**Task goal**
Go to the line that contains "团泊镇中学电子教案(模板)". Restate that line and each one after it exactly, through the end of the records, without pictures.

**Captioned web image data**

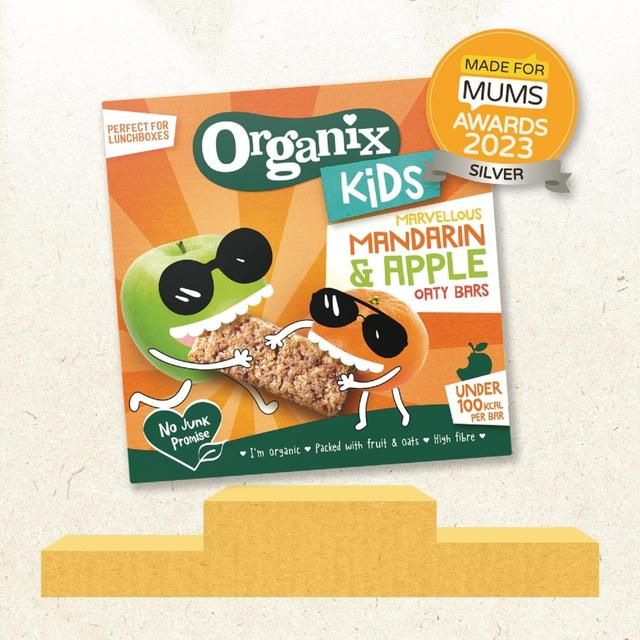Organix KIDS Marvellous Mandarin &amp;amp; Apple Organic Oat Snack Bars Multi   6 x 23g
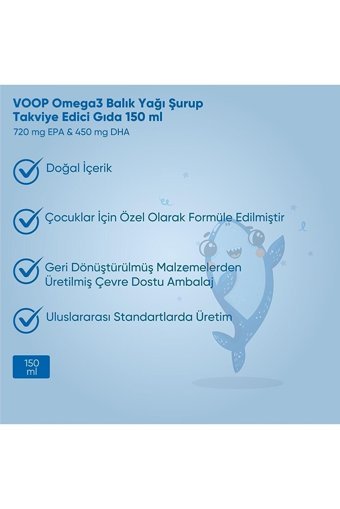 Voop Kids Omega 3 Balık Yağı Şurup 150 ml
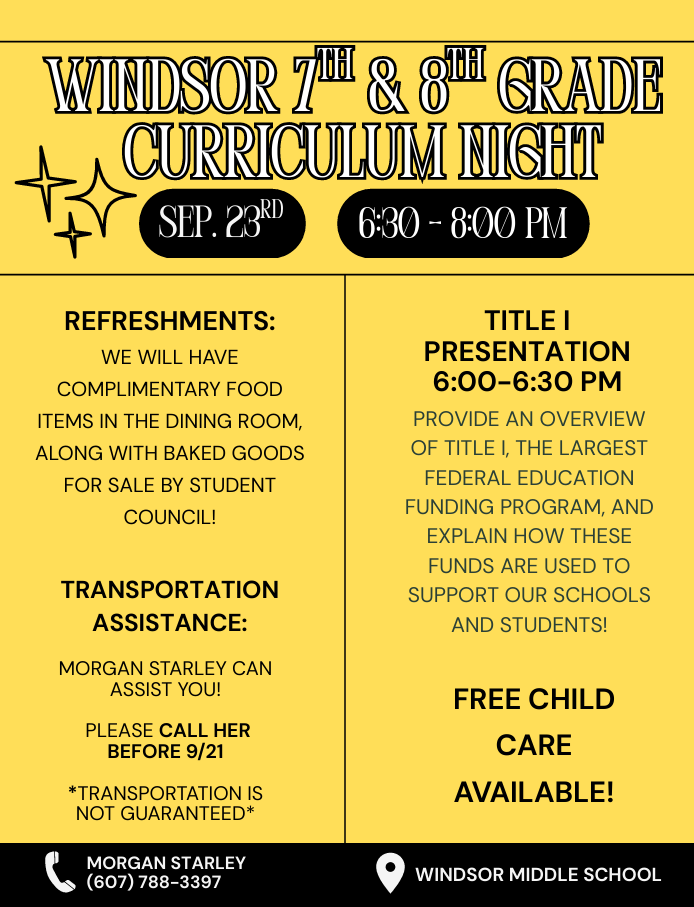 Middle School to Host 7th- and 8th-Grade Curriculum Night/Title I Meeting Sept. 23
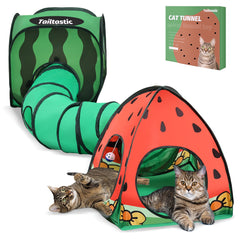TailTastic tunel sandía para gatos fomenta juego y exploración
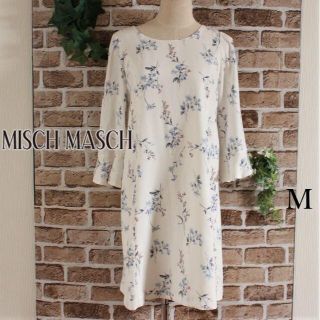 ミッシュマッシュ(MISCH MASCH)のMISCH MASCH★ホワイト花柄フレア袖ワンピースM(ひざ丈ワンピース)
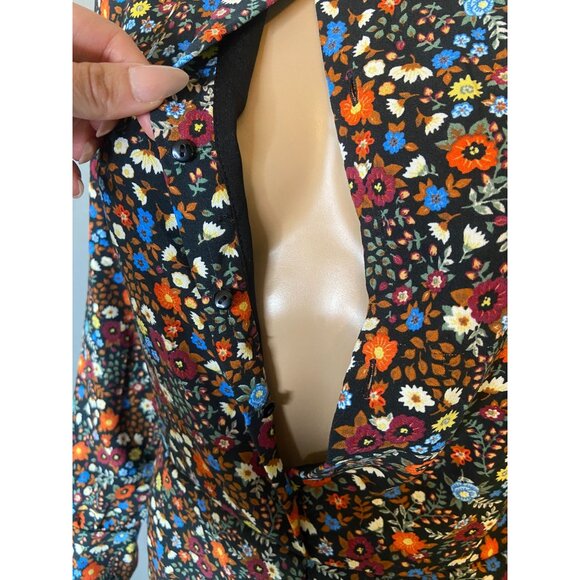 Zara Trafaluc Floral Button Front Romper Black Long Sleeve Size S Boho - Picture 7 of 9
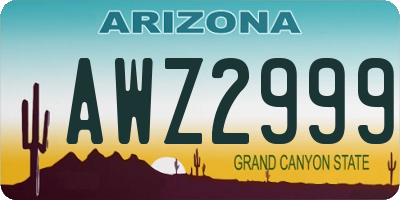 AZ license plate AWZ2999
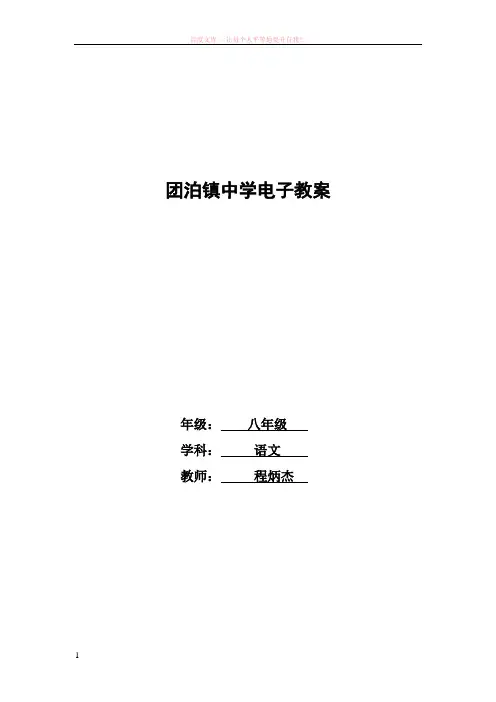 团泊镇中学电子教案(模板)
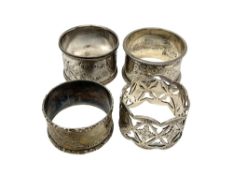 Four assorted Victorian napkin rings CONDITION REPORT: 107.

**Your solution**
 团泊镇中学电子教案(模板)
 Four assorted Victorian napkin rings CONDITION REPORT: 107.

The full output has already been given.